AWS Architecture Decision Records (ADRs) Guide⚓︎
Overview⚓︎
AWS published a comprehensive guide recommending ADRs as a structured process for documenting architecturally significant decisions. The guide provides templates and best practices based on AWS’s internal usage.
Source: https://www.infoq.com/news/2022/06/aws-adr-guide/
Definition⚓︎
According to the AWS guide:
“An ADR is a short document that describes a team decision that influences the software architecture.”
Recommended Format⚓︎
AWS provides templates to standardize ADR creation, ensuring consistent capture of:
- The decision itself: What was chosen
- Context surrounding the decision: Why it was needed
- Consequences of the choice: What impacts will result
Key Principles⚓︎
Ownership & Responsibility⚓︎
The team member proposing an ADR owns it throughout its lifecycle and maintains accountability for its content.
Immutability⚓︎
Once approved or rejected, ADRs become unchangeable. Updates require proposing new ADRs that supersede previous ones.
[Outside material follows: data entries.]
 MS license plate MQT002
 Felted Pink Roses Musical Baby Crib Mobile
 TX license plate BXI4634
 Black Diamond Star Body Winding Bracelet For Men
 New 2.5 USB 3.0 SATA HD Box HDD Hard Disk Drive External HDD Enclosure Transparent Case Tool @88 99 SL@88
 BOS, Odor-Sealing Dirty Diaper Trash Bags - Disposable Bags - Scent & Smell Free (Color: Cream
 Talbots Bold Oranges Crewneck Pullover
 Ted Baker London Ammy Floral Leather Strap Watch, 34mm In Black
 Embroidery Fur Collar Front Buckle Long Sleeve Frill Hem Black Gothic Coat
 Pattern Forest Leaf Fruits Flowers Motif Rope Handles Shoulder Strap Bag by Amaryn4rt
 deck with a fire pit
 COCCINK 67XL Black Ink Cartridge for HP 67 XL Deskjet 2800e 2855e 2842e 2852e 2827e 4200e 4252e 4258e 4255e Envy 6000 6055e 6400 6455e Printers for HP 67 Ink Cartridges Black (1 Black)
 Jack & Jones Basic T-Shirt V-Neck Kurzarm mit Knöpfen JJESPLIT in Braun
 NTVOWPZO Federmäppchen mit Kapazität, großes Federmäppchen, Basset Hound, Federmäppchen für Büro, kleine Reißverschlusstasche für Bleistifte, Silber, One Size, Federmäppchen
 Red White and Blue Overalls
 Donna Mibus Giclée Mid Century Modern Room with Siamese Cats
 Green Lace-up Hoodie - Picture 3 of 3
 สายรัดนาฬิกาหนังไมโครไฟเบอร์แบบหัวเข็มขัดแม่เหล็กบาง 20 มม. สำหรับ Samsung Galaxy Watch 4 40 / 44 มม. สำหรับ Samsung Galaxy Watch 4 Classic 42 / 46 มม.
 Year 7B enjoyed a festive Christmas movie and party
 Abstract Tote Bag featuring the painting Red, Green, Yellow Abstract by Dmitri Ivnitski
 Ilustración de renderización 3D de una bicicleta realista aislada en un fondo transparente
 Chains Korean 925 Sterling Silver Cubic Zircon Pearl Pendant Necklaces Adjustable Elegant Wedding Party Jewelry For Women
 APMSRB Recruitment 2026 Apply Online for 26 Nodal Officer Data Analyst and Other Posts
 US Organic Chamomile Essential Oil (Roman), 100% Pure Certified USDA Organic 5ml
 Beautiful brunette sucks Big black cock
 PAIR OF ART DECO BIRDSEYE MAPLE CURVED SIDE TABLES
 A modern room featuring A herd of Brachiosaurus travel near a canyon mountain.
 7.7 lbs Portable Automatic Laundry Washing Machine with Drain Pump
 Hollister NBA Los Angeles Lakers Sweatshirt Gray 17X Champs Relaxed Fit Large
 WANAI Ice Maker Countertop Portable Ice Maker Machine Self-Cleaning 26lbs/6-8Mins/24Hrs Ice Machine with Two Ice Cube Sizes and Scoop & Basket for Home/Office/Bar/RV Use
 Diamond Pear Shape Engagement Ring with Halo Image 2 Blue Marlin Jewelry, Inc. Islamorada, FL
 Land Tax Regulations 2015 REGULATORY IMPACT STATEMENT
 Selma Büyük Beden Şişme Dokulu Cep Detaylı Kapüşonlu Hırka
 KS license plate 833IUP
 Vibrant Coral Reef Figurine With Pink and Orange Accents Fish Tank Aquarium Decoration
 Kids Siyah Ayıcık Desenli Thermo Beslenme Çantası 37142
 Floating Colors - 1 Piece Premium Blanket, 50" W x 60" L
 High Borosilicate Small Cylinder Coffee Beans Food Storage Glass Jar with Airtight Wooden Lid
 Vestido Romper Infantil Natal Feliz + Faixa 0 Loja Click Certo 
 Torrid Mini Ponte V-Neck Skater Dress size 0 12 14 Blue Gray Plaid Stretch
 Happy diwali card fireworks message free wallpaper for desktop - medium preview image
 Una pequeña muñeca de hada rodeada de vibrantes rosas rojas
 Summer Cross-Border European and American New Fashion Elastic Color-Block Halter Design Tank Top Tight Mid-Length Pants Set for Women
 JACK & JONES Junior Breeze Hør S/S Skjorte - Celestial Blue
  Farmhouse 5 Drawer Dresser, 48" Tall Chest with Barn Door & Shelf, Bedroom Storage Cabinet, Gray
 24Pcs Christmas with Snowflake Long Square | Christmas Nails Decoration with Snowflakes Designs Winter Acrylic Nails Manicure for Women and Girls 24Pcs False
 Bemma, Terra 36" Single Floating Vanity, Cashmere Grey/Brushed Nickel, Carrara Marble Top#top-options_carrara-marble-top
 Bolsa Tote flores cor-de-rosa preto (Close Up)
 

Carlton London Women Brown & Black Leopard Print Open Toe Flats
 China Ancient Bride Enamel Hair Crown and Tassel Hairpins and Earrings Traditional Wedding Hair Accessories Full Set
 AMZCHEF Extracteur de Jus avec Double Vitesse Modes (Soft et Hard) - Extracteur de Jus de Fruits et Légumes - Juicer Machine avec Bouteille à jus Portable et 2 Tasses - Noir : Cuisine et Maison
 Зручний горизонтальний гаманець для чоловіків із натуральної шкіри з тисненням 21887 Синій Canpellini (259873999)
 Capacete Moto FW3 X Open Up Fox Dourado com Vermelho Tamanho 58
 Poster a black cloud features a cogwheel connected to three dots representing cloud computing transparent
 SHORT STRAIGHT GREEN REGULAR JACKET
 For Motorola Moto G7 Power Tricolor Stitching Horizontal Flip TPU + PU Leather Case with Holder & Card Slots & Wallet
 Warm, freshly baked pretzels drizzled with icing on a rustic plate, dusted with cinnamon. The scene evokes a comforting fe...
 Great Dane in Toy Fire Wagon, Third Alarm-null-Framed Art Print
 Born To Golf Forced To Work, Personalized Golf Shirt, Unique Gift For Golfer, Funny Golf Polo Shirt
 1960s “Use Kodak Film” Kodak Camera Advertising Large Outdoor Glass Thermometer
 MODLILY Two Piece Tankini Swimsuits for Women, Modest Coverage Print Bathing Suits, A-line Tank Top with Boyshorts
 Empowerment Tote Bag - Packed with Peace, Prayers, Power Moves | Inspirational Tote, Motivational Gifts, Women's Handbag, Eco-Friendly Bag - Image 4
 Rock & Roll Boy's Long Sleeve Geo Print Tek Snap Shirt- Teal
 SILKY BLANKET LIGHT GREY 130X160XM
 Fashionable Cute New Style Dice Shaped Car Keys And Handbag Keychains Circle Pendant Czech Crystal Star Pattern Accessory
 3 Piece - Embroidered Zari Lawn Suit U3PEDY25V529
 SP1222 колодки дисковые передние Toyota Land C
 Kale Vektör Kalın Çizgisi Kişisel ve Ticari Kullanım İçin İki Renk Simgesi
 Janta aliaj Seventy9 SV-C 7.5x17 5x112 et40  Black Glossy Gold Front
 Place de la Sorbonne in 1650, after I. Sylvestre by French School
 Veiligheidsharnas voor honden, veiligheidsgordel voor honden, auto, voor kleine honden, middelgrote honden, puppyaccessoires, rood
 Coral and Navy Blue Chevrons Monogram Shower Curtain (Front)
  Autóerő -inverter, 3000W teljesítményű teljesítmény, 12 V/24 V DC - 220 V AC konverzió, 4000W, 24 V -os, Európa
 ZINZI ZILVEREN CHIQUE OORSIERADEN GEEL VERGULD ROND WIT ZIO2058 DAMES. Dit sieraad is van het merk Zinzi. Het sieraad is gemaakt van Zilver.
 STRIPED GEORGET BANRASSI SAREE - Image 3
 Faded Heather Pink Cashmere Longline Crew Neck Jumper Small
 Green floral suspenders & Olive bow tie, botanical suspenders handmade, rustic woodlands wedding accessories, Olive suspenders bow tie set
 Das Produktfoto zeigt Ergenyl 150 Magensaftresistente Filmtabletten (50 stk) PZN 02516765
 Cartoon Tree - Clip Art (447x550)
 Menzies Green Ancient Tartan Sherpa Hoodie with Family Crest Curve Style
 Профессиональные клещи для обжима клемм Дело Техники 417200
This ensures:
- Historical context is preserved
- Past reasoning remains accessible
- Decision evolution is trackable
Decision Log Value⚓︎
The collective ADRs create:
“A broad context, design information, and implementation details about the project.”
Best Practices⚓︎
Clear States⚓︎
ADRs progress through defined statuses:
- Proposed: Initial submission for review
- Accepted: Approved and ready for implementation
- Rejected: Not approved, with reasons documented
- Superseded: Replaced by a newer ADR
Team Review⚓︎
Collaborative meetings ensure decisions receive thorough examination before approval. This:
- Brings diverse perspectives
- Identifies potential issues early
- Builds team consensus
- Creates shared understanding
Change History⚓︎
Document evolution by marking old decisions as superseded when replaced. This maintains:
- Clear decision timeline
- Understanding of why changes were made
- Ability to learn from past choices
Reference Tool⚓︎
Teams leverage the decision log during:
- Code reviews: Validate conformance to architectural decisions
- Architecture reviews: Ensure consistency with past choices
- Planning: Understand constraints and context
- Onboarding: Bring new team members up to speed
Benefits⚓︎
- Reduces repetitive discussions: Past decisions are documented and findable
- Improves architectural communication: Provides shared vocabulary and understanding
- Supports distributed teams: Asynchronous decision making and review
- Creates institutional knowledge: Prevents loss of context
- Validates conformance: Reference during reviews
Implementation Considerations⚓︎
When to Create an ADR⚓︎
Create an ADR for decisions that:
- Have significant architectural impact
- Are difficult to reverse
- Affect multiple components or teams
- Involve trade-offs between competing concerns
- Need to be remembered long-term
ADR Lifecycle⚓︎
- Draft: Author creates initial proposal
- Review: Team discusses and provides feedback
- Decision: Team accepts or rejects
- Archive: Store in decision log (never delete)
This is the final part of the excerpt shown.